The zero function is good.

theorem IMOSL.IMO2010A1.const_is_good_of_floor_eq_one {R : Type u_2} {S : Type u_1} [Ring R] [LinearOrder R] [FloorRing R] [Ring S] [LinearOrder S] [FloorRing S] {C : S} (hC : ⌊C⌋ = 1) : good fun (x : R) => C

The constant function f ≡ C is good if ⌊C⌋ = 1.

theorem IMOSL.IMO2010A1.good.floor_eq_one_or_eq_zero {R : Type u_2} {S : Type u_1} [Ring R] [LinearOrder R] [FloorRing R] [Ring S] [LinearOrder S] [FloorRing S] [IsOrderedAddMonoid S] {f : R → S} (hf : good f) : ⌊f 0⌋ = 1 ∨ f 0 = 0

We have either ⌊f(0)⌋ = 1 or f(0) = 0.

theorem IMOSL.IMO2010A1.good.eq_const_of_floor_map_zero_eq_one {R : Type u_1} {S : Type u_2} [Ring R] [LinearOrder R] [FloorRing R] [Ring S] [LinearOrder S] [FloorRing S] {f : R → S} (hf : good f) (hf0 : ⌊f 0⌋ = 1) : ∃ (C : S), ⌊C⌋ = 1 ∧ f = fun (x : R) => C

If ⌊f(0)⌋ = 1, then f is constant.

theorem IMOSL.IMO2010A1.good.eq_zero_of_map_zero_eq_zero {R : Type u_1} {S : Type u_2} [Ring R] [LinearOrder R] [FloorRing R] [Ring S] [LinearOrder S] [FloorRing S] [IsStrictOrderedRing R] (hR : ∃ (α : R), 0 < α ∧ α < 1) [IsStrictOrderedRing S] {f : R → S} (hf : good f) (hf0 : f 0 = 0) : f = 0

Suppose there exists α : R such that 0 < α < 1. Then f(0) = 0 implies f ≡ 0.
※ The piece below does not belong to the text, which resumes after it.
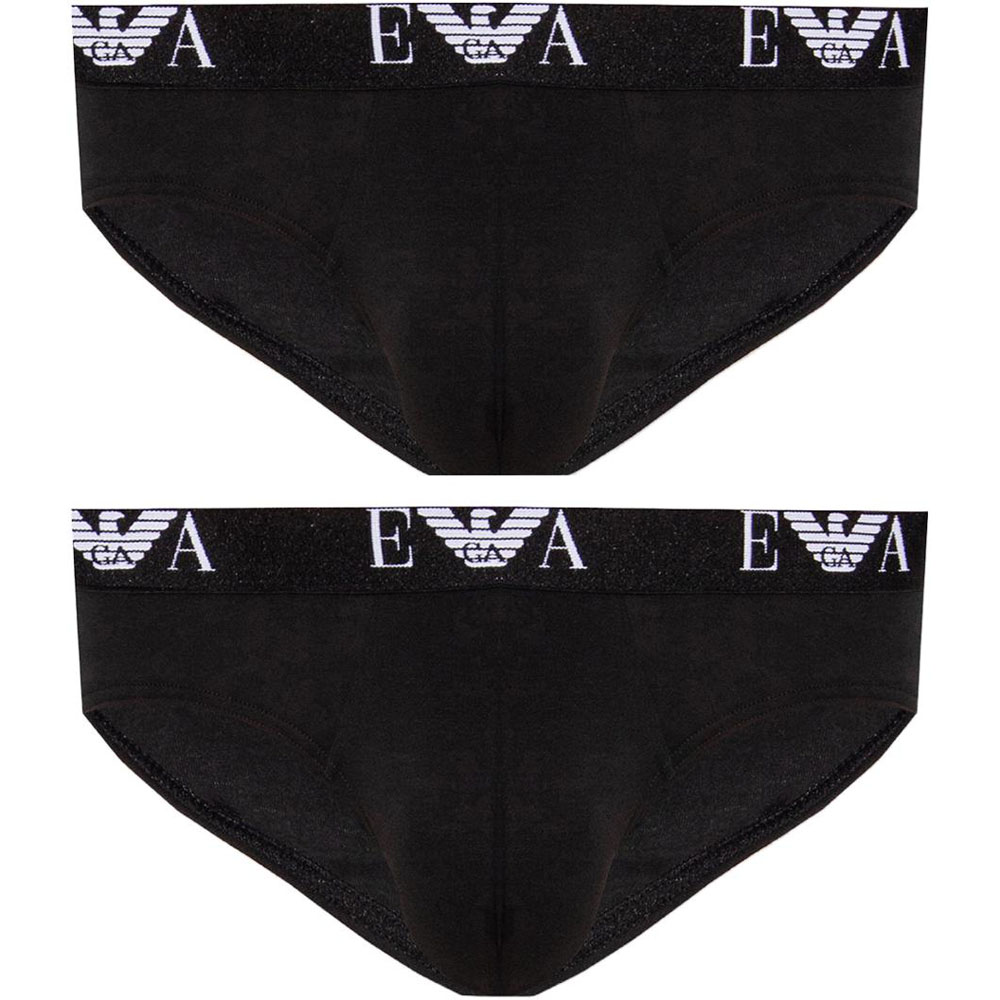

Двое трусов с вышитым логотипом EMPORIO ARMANI, 2 Pack (черный)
theorem IMOSL.IMO2010A1.final_solution {R : Type u_1} {S : Type u_2} [Ring R] [LinearOrder R] [FloorRing R] [Ring S] [LinearOrder S] [FloorRing S] [IsStrictOrderedRing R] (hR : ∃ (α : R), 0 < α ∧ α < 1) [IsStrictOrderedRing S] {f : R → S} : good f ↔ (∃ (C : S), ⌊C⌋ = 1 ∧ f = fun (x : R) => C) ∨ f = 0

Final solution